An Introduction To Corporate
Fraud, misappropriation, and other fiscal irregularities include, but are not limited to:
1. Falsification or alteration of accounting records.
2. Forgery or alteration of a cheque, bank draft, or any other document.
3. Misappropriation or theft of funds, securities, supplies, or other assets (see B10, Staff Handbook/Code of Business Conduct: "Company Funds and Property").
4. Impropriety in the handling or reporting of money or financial transactions.
5. Suppression or omission of the effects of transactions from records or documents.
6. Recording of transactions without substance.
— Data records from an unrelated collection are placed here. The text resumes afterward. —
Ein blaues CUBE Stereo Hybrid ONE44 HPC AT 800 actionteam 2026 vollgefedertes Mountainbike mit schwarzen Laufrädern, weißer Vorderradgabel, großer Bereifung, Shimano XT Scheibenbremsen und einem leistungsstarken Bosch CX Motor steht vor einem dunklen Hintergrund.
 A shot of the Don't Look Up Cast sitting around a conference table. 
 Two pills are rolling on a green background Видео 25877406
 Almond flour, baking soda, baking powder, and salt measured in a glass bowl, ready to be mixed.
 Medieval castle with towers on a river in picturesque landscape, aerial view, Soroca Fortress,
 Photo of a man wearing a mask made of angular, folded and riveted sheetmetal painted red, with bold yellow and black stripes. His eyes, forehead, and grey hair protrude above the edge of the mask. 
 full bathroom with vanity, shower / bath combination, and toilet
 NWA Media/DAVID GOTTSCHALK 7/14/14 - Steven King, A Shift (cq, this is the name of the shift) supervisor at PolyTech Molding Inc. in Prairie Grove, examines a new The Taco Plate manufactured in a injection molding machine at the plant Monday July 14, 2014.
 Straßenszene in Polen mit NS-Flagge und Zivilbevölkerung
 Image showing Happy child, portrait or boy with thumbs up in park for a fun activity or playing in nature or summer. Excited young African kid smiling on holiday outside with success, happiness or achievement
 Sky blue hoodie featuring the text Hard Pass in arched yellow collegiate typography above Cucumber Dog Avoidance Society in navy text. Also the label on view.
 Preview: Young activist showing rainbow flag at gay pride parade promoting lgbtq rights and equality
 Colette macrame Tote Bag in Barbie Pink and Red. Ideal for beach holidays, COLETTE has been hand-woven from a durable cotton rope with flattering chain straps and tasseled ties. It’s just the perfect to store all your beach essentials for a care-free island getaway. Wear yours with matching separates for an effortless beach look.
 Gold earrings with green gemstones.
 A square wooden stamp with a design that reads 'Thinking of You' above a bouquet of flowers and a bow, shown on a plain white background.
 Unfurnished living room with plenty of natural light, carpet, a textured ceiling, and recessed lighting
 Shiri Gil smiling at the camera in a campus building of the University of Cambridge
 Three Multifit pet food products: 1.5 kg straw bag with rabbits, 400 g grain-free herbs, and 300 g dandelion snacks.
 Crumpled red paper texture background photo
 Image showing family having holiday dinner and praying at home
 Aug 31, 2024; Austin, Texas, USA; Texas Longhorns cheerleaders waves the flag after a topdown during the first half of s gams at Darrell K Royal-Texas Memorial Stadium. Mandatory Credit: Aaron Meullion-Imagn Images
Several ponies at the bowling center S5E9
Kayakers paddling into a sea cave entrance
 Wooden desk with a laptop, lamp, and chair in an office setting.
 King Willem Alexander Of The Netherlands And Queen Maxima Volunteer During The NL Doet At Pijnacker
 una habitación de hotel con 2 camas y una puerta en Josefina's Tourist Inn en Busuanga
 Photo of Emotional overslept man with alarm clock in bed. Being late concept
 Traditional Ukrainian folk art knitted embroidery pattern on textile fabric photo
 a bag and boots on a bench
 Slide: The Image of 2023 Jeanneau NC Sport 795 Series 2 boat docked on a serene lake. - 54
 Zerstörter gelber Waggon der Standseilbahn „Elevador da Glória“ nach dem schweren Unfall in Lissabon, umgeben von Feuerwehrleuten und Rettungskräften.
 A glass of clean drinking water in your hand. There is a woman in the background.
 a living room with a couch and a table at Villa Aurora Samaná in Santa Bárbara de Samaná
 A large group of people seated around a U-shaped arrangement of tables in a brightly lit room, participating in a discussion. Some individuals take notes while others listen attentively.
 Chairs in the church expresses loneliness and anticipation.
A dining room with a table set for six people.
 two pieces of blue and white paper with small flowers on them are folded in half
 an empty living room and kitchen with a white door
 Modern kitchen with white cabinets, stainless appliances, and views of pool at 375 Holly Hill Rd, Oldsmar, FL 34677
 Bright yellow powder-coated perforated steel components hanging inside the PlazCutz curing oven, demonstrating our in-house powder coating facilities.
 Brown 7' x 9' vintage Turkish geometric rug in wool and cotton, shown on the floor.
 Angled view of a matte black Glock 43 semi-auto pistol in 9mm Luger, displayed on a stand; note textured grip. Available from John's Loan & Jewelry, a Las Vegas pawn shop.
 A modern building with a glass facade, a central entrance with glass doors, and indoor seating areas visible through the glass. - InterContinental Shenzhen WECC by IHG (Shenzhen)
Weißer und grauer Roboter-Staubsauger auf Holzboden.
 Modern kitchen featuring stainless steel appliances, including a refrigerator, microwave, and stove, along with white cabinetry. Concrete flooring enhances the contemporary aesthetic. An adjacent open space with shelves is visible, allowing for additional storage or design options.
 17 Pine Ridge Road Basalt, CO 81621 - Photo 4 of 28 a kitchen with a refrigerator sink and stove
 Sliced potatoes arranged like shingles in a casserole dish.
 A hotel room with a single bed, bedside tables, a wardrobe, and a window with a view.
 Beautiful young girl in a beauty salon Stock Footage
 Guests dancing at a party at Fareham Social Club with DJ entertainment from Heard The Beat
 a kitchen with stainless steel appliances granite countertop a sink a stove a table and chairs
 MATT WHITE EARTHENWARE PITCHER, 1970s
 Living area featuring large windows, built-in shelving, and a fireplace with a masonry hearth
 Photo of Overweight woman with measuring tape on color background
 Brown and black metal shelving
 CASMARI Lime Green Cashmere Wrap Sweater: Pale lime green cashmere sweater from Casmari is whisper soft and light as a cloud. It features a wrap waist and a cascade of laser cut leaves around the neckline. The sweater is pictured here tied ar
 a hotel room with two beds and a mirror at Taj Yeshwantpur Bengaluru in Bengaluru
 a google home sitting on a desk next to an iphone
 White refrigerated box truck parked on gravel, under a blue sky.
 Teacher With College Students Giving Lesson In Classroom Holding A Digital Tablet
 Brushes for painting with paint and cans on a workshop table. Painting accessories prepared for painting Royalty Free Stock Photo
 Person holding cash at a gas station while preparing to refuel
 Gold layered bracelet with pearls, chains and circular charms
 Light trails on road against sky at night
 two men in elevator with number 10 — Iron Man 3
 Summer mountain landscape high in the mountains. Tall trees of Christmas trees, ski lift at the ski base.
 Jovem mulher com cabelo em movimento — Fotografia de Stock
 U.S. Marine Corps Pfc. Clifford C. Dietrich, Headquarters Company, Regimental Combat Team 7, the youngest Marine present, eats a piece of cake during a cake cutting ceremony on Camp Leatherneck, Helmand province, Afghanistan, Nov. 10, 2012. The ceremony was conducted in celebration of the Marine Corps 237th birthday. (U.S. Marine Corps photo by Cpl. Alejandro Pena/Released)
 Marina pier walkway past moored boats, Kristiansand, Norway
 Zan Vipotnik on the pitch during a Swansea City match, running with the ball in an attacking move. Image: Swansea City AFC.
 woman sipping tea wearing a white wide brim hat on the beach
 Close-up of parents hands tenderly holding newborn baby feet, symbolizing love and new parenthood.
7. Intentional misapplication of accounting policies,
8. Wilful misrepresentations of transactions or of the entity's state of affairs.
9. Profiteering as a result of insider knowledge of securities activities.
10. Disclosing to other persons the securities activities engaged in, or contemplated by, the company (see B13, Staff Handbook/Code of Business Conduct: "Privacy and Confidentiality).
11. Disclosing confidential and proprietary information to outside parties.
12. Accepting or seeking anything of (material) value from vendors or persons providing services/material to the company (exceptions: see B5, Staff Handbook/Code of Business Conduct: "Gifts, Entertainment and Favours". Gifts or entertainment of a value less than £25 given without intent to influence a particular decision(s) will normally be acceptable).
13. Unauthorised destruction or removal of records, furniture, fixtures, or equipment.
14. Any dishonest or fraudulent act or intentional accounting irregularity.